Testing Jews for anti-Semitism according to the International Holocaust Remembrance Alliance definition

As the Bank for Social Economy was at a loss how to proceed, they had already asked the help of Dr. Felix Klein. Felix Klein, as Federal Commissioner, should really be trying to promote Jewish life, including and especially our fundamental rights to freedom of opinion and to political organization. In the case of political censorship against a minority he should have been particularly sensitive. The German civil servant Klein however recommended that a survey be taken to determine whether the members of the Jewish Voice, all of whom are Jews, are anti-semites. The standard to be used in determining this was to be the controversial definition of anti-semitism used by the International Holocaust Remembrance Alliance (IHRA), which for obvious reasons is propagated by the Israeli government. If the question had been left to the German commissioner for anti-semitism, the granddaughter of Jews starved in Leningrad would, for example, have been the subject a of German scientific examination as to whether or not she is an anti-semite. We refused to comply.

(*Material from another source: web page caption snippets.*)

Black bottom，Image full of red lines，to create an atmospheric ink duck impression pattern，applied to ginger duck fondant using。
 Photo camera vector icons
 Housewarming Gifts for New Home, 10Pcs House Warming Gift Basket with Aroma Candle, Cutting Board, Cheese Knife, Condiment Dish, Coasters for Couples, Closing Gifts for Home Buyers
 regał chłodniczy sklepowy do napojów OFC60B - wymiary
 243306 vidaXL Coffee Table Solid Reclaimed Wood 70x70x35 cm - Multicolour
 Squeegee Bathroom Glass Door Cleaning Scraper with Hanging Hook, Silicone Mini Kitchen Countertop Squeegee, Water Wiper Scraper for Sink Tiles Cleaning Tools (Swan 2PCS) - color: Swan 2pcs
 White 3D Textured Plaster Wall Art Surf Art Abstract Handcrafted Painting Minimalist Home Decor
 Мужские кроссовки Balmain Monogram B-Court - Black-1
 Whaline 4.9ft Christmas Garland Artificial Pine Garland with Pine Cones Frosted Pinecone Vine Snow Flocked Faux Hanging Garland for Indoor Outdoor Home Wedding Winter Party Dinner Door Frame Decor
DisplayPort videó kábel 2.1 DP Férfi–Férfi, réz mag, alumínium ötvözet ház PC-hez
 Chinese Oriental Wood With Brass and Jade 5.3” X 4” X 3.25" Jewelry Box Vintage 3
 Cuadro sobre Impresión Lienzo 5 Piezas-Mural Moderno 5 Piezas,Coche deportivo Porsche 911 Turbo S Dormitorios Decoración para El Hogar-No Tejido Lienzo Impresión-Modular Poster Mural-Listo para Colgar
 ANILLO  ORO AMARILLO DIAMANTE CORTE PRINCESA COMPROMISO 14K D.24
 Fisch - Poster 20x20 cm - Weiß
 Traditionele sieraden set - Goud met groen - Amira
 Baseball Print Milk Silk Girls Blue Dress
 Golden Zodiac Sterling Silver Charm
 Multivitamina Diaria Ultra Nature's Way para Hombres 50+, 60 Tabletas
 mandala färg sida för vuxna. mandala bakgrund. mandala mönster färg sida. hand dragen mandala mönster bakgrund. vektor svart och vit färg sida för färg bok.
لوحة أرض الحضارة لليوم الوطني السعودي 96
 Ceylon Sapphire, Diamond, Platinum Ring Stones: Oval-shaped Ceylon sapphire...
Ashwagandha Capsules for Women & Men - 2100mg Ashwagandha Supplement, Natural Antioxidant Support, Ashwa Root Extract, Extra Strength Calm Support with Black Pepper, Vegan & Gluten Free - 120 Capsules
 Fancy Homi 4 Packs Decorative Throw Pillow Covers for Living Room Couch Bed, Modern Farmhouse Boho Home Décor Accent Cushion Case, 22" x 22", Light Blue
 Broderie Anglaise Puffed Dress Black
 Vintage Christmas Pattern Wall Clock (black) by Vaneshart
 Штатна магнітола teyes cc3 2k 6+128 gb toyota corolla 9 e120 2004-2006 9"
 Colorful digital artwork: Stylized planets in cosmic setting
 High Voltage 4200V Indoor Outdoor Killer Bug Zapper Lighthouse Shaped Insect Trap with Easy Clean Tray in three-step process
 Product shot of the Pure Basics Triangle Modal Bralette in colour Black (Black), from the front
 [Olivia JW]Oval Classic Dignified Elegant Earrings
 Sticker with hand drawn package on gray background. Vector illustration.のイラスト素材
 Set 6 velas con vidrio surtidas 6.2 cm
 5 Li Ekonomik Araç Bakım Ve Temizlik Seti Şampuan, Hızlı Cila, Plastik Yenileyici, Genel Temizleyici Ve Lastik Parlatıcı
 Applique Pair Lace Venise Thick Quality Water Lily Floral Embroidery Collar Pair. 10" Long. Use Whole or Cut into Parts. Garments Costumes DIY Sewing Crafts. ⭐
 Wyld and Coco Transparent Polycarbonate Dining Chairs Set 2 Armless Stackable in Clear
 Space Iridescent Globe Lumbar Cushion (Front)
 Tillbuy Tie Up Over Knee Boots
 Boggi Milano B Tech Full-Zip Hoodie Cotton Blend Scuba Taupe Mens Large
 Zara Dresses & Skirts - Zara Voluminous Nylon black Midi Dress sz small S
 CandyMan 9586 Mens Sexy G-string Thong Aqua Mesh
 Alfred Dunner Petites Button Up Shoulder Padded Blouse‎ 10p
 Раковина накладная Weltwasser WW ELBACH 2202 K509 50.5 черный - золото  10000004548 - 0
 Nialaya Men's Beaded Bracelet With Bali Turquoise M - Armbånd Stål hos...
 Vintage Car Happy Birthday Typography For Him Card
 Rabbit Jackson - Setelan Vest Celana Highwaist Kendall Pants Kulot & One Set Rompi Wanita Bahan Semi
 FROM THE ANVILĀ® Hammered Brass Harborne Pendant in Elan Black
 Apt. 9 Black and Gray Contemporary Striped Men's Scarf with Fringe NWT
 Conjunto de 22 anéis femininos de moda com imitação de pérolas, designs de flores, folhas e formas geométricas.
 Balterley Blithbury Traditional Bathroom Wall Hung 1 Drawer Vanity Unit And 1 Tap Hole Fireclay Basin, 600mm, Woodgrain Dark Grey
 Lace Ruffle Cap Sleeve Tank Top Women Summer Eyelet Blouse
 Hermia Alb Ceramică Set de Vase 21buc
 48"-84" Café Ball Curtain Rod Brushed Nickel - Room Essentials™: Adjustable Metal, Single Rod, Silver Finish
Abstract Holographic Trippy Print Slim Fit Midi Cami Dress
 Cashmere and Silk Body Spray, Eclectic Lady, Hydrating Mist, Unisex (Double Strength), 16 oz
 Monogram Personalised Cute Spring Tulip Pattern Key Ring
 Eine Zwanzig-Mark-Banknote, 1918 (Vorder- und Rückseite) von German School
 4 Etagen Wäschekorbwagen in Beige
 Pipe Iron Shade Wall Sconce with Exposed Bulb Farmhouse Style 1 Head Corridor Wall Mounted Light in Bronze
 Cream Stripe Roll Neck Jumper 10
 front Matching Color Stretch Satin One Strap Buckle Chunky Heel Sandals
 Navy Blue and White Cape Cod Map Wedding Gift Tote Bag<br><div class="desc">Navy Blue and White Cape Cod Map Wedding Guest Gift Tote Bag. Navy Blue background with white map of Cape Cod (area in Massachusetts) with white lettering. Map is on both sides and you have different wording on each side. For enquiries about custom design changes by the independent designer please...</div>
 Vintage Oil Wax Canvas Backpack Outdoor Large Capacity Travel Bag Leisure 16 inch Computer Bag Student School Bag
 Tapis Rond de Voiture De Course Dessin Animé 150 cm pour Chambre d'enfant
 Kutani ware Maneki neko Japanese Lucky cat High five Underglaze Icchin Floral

That’s less than half of Iris Hefets’s excellent speech. An interview with organization member (and The Real News correspondent) Shir Hever is available here.

Hefets explained in length about BDS – about its three demands, about how it “aims by non-violent means to exert pressure on Israel to turn back from its current policies and escape the destructive and self-destructive impasse into which Israel has fallen”. She noted how BDS is a means of political pressure that is aimed against a state policy and not against individuals.

She also pointed out the importance of there being Jews in this whole debate, due to German taboos:

While many citizens support our work, politicians tell us quietly and in private that we can say such things, but for them such statements would mean the end of their careers. Journalists who dare to type the word apartheid into their keyboards in connection with Israel risk being dismissed. The task of criticizing Israeli politics still falls mainly to Jews and Israelis.

This is indeed a worthy task which requires resilience and courage. Zionists and Israel apologists have been calling Jews who are critical of them ‘the wrong kind of Jews’ since before Israel was established.

This is a fight not only for the lives of Palestinians, but also for the soul of Judaism.

Although these advocacies often fall on deaf ears in Germany, drowned by the Israel-apologia of the mainstream Jewish establishment, events like these sometimes stir the necessary debate. This event garnered exceptional attention from German media, and the prize ceremony was attended by 450 people from all over Germany.

Thanks to Iris Hefets for providing a transcript of the German speech

Jonathan Ofir

Israeli musician, conductor and blogger / writer based in Denmark.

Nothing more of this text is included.